The National Living Wage paid to workers aged 23 and over will rise from £8.91 per hour to £9.50 per hour from April 1, 2022. Additionally,  the National Minimum Wage for workers under 23 and apprentices will also rise. Good to know!

T-Levels

£1.6bn is being put towards the roll out new T-levels for 16 to 19-year-olds, and £550m for adult skills in England. Hair, Beauty and Aesthetics T-Levels will be introduced in 2023. T-Levels are the government’s new vocational qualifications, equivalent to three A-levels, that have been developed with businesses to meet the needs of industry.

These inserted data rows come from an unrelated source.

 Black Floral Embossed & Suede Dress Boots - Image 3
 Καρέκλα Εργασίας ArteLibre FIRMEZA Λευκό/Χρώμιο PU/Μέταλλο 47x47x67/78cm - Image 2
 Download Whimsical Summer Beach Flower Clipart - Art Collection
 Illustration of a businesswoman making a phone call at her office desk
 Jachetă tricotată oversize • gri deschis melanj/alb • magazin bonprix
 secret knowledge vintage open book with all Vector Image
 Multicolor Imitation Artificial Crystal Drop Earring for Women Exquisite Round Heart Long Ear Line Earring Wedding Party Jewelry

Universal Credit Taper Rate Cut

The universal credit taper tax rate is being cut by 8% from 63% to 55%, and will be introduced no later than 1 December. Sunak said this would  “benefit nearly two million families who will keep, on average, an extra £1,000 a year”.

Scale-Up Visas

The chancellor said that the changes in eligibility criteria for the Scale-Up Visa system will make it quicker and easier for businesses to bring in highly-skilled individuals from outside of the UK.

UK Economic Growth

Recovery from the pandemic could come faster than expected. The Office for Budget Responsibility (OBR) has revised its forecasts for UK economic growth, with gross domestic product (GDP) set to expand by 6.5% this year (compared to the 4% it had forecasted in the March 2021 Budget). This is below what the Bank of England expects, which is a predicted growth of 7.4%.

Inflation

The Chancellor said inflationary pressures are affecting the UK economy, with the OBR forecasting that inflation will average 4% next year. He said the pressures are global in nature and are impossible to address alone, however, the Government will act to support households. 

On the announcement of the Budget, Victoria Brownlie, chief policy officer of The British Beauty Council, said:

“The British Beauty Council has been lobbying for changes to business rates and so we are delighted that the personal care sector will enjoy a 50% business rates discount next year. It is also welcoming to hear that from 2023, every single business will be able to make improvements to their premises without facing higher business rates bills for 12 months after they are made. Industry data indicates higher business rates deter around half of hair and beauty business owners from improving their properties. This delay will allow them to recoup the investment in improvements before seeing any increase in their business rates.

“It has been a challenging time for the personal care sector, more than 7,000 businesses have closed since the pandemic started, but these measures announced by the Chancellor today, will help our businesses recover and think towards the future.”